2009-05-27

wolfpangs: (made a swiveling chair--now I nap)
2009-05-27 06:00 pm

a Soldier of the Revolution.

I'm making this face, too!-------->

Just doing some more genealogy research and I've found some really interesting stuff. I've managed to trace my family back to the 17th century! In Virginia! I read about my great^5 grandfather, who went to court at 73 to get the pension he was rightfully owed for his military service. The court found that "the above named applicant George VEST was a revolutionary Soldier and served as he states." So I really am a daughter of the Revolution. Oh, but wait.

Going back further, I found some information on his brother James, who seems like quite the righteous dude. On Nov. 14, 1785, James signed a petition supporting separation of Church and State. And then there was his will. After specifying the distribution of his possessions, including his "horse mountain" (I want a horse mountain!) and his "utenshuls," he said, "I do appoint my two trusty friends Thomas Burfoot and Archer Trayler for my Executors to this my last will and testament whereunto I have set my hand and seal this day and date above written."

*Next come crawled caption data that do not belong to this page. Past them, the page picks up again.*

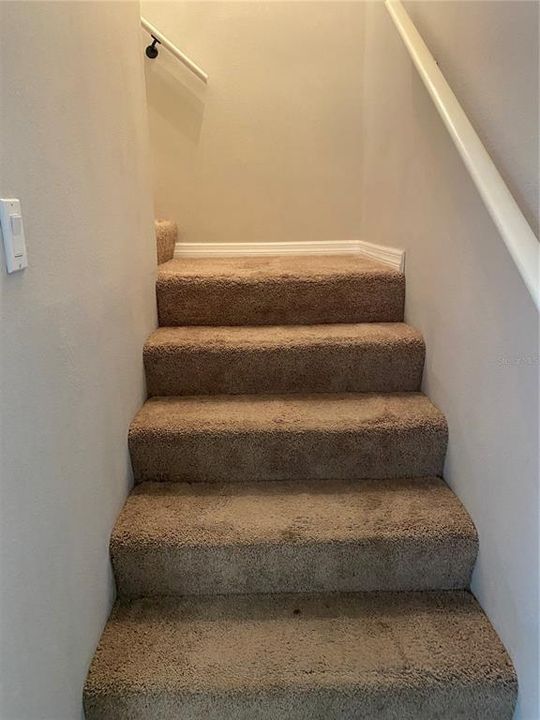 L shaped staircase to bedroom and bonus room/loft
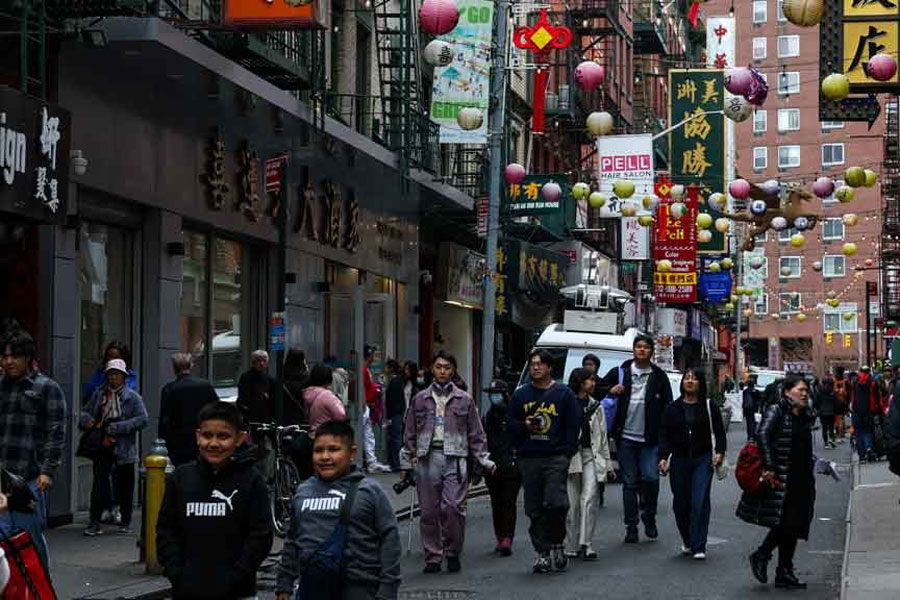 Sun Vin Grocery Manager Jasmine Bai points at the packaging and price of dried bean curd imported from China at the store in Chinatown in New York City, US, Apr 16, 2025.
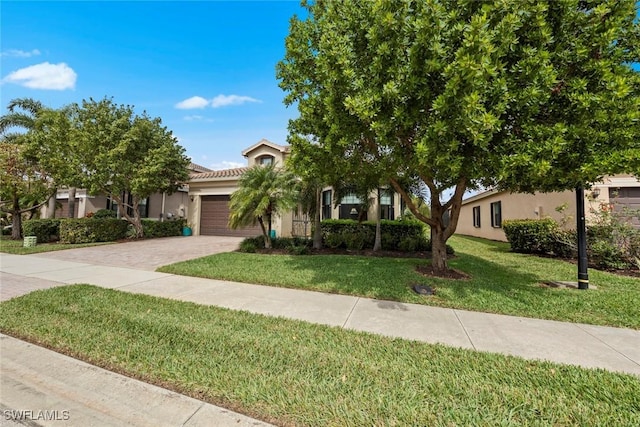 view of property hidden behind natural elements featuring decorative driveway, a tile roof, stucco siding, a garage, and a front lawn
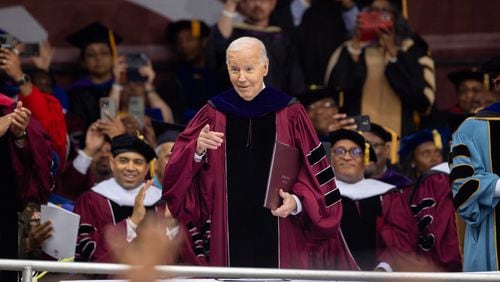 President Joe Biden points at alumni at the commencement ceremony at Morehouse College in Atlanta on Sunday, May 19, 2024. (Arvin Temkar / AJC)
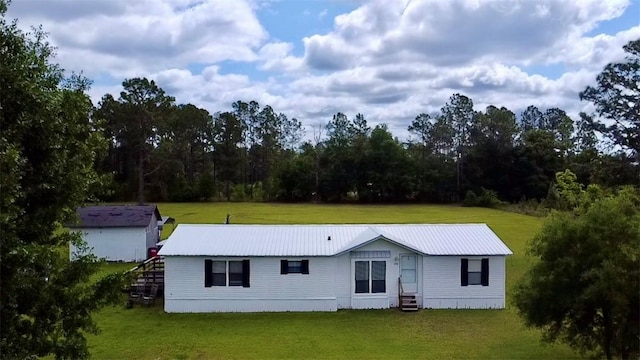 manufactured / mobile home with entry steps, metal roof, and a front yard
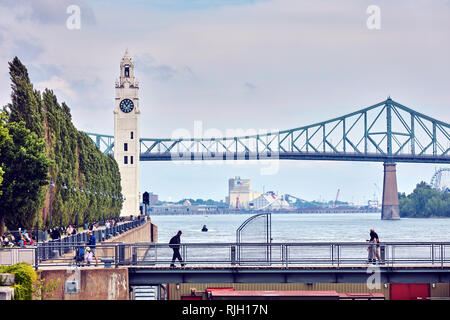 Montreal, Kanada - Juni, 2018: Der Uhrturm und Jacques Cartier Brücke über den Sankt-Lorenz-Strom im Alten Hafen von Montreal, Quebec, Kanada. Editorial. Stockfoto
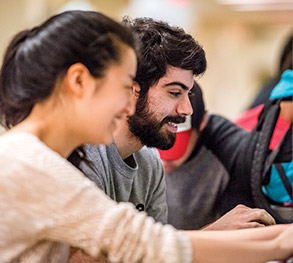 Image of students smiling.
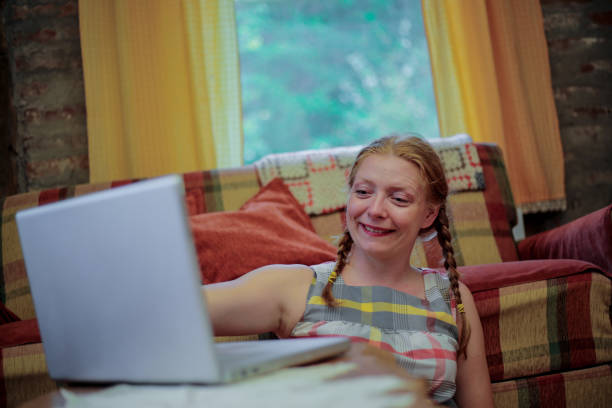 istock Young woman using laptop at home 1218830301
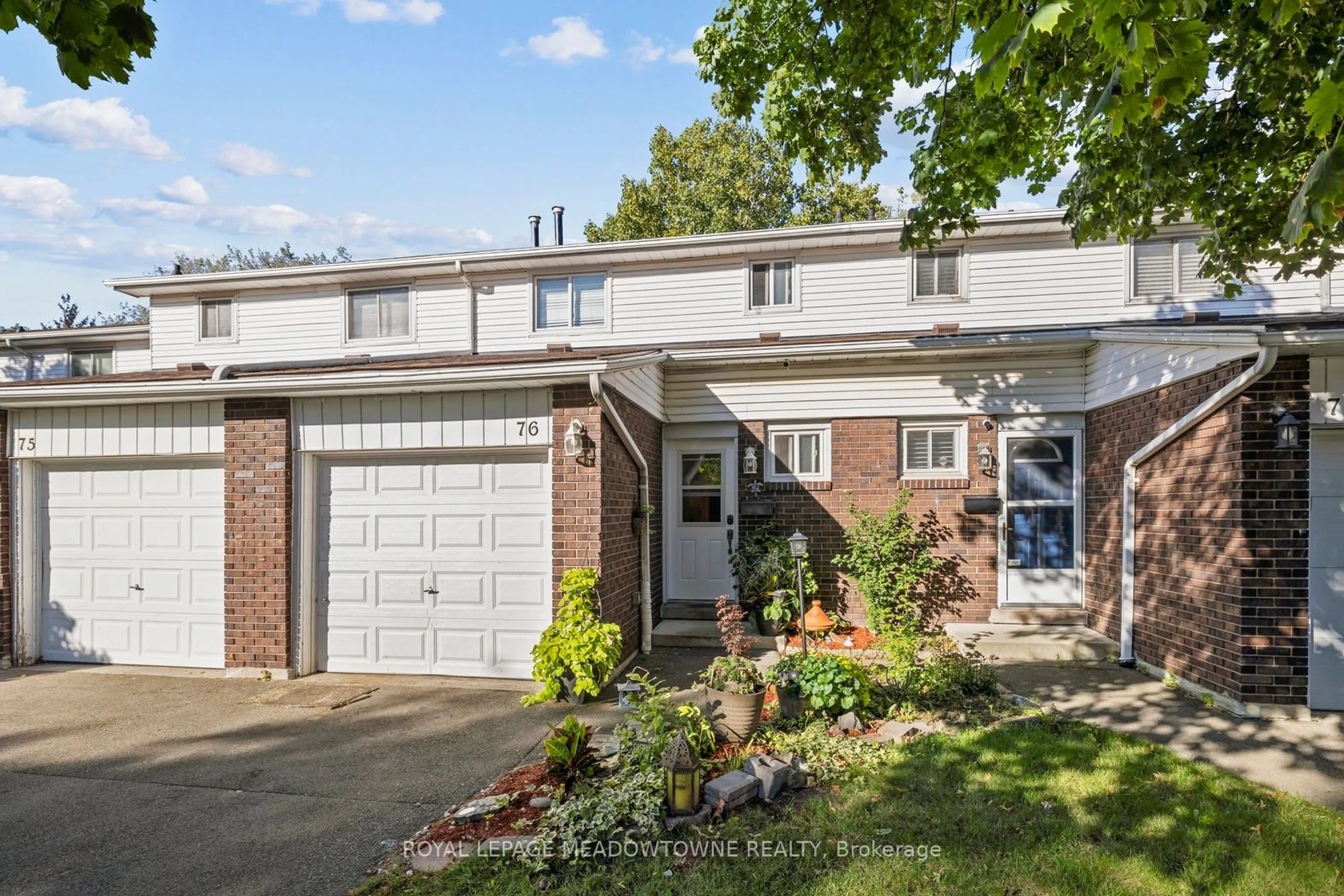 Home with brick exterior material, street for 100 Quigley Rd #76, Hamilton Ontario L8K 6J1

That's where a light flickered on in my fevered brain. Archer Trayler, one of the trusty friends of my superb uncle (that's gotta be better than great), is a descendant of Christopher Branch II. Christopher Branch's great-grandson was a man by the name of Peter Jefferson, who gave his father's name to his third child, a boy he named Thomas.

Y'all. Now if there were someone in Virginia who would have had something to say about the separation of church and state, I wonder just who that could have been.